#### [TASK INSTRUCTIONS]
In the lines below, look for "stream". Copy each line where it appears.

#### [DATA TO PROCESS]
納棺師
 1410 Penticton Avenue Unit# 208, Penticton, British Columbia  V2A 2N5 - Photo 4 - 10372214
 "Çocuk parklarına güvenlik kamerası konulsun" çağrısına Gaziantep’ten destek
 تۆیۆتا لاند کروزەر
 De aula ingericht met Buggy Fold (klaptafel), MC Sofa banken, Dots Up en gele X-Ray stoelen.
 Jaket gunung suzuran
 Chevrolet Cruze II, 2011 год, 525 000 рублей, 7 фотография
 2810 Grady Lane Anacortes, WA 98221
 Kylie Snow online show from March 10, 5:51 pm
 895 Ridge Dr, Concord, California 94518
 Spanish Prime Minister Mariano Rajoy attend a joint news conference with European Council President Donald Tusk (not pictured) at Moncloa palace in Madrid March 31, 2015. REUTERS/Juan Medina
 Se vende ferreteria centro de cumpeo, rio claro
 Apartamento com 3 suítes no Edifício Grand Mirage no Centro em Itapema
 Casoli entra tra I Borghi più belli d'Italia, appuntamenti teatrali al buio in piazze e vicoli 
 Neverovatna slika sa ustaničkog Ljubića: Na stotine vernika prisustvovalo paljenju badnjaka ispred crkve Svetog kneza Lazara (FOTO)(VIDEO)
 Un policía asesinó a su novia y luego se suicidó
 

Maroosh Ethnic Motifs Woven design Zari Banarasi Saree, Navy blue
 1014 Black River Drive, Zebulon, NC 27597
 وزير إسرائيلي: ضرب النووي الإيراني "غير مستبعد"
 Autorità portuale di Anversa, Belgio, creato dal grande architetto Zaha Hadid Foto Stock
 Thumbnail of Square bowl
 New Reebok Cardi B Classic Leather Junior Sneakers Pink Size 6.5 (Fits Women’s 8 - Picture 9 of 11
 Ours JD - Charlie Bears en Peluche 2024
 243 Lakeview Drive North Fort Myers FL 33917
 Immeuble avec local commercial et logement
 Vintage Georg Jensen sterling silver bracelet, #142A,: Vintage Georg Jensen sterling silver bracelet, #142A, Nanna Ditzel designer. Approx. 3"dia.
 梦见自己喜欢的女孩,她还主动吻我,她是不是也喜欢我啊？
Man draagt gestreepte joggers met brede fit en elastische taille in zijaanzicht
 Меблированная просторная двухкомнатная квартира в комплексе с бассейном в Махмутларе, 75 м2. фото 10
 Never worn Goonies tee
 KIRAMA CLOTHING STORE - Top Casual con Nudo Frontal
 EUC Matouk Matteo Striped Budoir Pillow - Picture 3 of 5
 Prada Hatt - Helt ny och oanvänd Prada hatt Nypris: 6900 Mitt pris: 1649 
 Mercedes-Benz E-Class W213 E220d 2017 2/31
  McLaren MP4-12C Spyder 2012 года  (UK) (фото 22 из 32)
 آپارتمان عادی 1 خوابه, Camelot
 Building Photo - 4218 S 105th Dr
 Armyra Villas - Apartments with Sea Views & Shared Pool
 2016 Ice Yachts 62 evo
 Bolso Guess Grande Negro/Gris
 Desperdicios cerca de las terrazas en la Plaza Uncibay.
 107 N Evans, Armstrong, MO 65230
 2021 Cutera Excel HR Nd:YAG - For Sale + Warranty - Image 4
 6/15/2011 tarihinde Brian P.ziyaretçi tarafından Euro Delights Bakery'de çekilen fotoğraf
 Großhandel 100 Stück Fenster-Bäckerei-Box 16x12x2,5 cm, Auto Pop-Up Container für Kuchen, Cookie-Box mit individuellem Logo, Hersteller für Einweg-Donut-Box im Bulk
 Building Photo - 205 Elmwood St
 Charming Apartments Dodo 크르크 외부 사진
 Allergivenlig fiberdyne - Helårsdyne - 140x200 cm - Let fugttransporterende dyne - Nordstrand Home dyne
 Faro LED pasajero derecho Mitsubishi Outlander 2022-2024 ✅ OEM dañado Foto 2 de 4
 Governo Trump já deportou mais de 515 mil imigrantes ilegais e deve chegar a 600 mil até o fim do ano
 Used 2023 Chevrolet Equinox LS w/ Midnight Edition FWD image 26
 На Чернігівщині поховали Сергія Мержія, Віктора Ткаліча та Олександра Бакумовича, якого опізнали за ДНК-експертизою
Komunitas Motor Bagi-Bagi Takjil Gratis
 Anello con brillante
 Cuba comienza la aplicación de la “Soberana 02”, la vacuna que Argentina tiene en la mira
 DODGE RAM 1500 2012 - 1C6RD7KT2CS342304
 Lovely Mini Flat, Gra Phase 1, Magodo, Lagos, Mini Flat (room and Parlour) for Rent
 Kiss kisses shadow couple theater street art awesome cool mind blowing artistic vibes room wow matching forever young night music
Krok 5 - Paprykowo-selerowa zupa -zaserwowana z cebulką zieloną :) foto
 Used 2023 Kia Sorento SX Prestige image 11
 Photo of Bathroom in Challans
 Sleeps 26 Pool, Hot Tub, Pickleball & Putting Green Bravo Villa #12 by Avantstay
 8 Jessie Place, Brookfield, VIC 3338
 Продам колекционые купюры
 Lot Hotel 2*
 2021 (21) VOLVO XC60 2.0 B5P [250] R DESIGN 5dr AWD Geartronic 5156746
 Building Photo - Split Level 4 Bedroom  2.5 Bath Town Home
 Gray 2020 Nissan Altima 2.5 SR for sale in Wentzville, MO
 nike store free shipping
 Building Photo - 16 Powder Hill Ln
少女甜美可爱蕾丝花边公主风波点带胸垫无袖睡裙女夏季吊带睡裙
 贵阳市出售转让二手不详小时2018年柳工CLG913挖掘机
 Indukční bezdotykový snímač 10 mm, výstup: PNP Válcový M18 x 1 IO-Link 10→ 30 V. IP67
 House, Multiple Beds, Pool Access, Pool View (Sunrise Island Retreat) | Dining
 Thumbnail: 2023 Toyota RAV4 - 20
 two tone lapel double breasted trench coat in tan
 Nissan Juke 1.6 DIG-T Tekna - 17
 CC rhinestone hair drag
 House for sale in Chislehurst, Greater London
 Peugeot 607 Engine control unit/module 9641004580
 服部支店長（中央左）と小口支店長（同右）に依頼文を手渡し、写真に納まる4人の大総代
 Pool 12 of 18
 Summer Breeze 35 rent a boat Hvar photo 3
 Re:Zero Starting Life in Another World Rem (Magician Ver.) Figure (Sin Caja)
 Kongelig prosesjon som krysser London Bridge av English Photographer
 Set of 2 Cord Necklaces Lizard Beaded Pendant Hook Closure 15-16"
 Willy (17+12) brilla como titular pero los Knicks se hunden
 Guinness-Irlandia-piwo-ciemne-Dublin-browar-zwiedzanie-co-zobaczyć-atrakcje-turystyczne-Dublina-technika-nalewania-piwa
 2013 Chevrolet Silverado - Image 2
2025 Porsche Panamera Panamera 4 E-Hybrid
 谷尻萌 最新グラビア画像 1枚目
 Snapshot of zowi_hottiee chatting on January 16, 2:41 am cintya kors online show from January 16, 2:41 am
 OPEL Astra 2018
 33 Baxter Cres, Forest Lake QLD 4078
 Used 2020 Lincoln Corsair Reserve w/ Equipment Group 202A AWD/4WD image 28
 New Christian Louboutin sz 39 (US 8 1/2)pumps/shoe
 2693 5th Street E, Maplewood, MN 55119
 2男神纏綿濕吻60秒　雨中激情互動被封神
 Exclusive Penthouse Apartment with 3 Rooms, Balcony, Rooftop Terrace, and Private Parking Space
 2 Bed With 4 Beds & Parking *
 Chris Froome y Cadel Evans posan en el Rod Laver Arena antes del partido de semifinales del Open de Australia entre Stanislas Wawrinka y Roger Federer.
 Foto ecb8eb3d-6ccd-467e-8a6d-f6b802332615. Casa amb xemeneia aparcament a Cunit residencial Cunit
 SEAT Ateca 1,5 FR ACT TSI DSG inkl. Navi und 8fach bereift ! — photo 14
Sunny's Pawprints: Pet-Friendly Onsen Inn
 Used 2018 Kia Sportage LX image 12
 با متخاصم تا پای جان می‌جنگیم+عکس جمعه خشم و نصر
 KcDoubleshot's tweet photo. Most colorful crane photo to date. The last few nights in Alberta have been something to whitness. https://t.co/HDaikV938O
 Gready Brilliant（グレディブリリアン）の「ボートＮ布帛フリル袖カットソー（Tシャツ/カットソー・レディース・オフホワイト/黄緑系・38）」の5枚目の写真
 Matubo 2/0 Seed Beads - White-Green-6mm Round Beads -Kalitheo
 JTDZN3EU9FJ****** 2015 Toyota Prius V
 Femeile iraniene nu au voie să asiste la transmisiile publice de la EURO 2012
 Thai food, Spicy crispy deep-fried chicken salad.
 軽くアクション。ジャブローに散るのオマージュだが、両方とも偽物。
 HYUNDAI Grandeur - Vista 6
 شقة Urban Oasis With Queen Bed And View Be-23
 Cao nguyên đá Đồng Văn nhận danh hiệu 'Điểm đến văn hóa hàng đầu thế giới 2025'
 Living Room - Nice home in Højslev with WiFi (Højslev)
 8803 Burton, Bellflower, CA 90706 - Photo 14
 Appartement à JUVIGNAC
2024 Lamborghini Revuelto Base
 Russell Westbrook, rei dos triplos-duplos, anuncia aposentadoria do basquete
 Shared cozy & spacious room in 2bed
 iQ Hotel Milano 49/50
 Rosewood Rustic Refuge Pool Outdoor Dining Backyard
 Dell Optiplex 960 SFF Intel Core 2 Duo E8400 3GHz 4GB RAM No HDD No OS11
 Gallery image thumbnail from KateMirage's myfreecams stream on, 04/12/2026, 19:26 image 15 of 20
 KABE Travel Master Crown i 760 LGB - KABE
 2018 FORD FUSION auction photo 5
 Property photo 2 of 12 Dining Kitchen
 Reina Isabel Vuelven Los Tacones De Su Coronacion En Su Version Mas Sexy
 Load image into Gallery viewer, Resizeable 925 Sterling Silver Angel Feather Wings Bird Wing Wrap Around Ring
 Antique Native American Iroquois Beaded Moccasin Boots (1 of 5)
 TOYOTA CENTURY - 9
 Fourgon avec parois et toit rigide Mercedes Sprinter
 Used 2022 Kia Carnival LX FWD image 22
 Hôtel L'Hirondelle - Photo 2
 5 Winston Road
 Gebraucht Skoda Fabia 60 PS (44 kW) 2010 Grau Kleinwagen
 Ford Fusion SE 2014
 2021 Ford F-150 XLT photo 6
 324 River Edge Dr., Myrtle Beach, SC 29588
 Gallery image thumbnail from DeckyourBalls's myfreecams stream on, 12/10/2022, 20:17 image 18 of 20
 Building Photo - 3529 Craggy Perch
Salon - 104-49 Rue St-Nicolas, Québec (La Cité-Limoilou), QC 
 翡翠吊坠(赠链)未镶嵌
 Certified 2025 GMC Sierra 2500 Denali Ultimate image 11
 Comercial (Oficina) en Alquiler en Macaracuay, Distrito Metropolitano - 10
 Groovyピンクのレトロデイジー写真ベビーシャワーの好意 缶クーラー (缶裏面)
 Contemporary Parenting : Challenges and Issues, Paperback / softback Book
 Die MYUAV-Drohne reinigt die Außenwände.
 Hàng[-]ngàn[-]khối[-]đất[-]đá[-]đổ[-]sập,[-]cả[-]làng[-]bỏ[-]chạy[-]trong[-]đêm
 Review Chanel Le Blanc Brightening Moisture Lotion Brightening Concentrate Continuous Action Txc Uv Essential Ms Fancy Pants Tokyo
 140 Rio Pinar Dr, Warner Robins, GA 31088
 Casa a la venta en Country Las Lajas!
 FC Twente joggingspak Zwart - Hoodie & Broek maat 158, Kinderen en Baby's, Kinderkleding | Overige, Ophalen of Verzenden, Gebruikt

#### [RESPONSE TO THE TASK]
 Gallery image thumbnail from KateMirage's myfreecams stream on, 04/12/2026, 19:26 image 15 of 20
 Gallery image thumbnail from DeckyourBalls's myfreecams stream on, 12/10/2022, 20:17 image 18 of 20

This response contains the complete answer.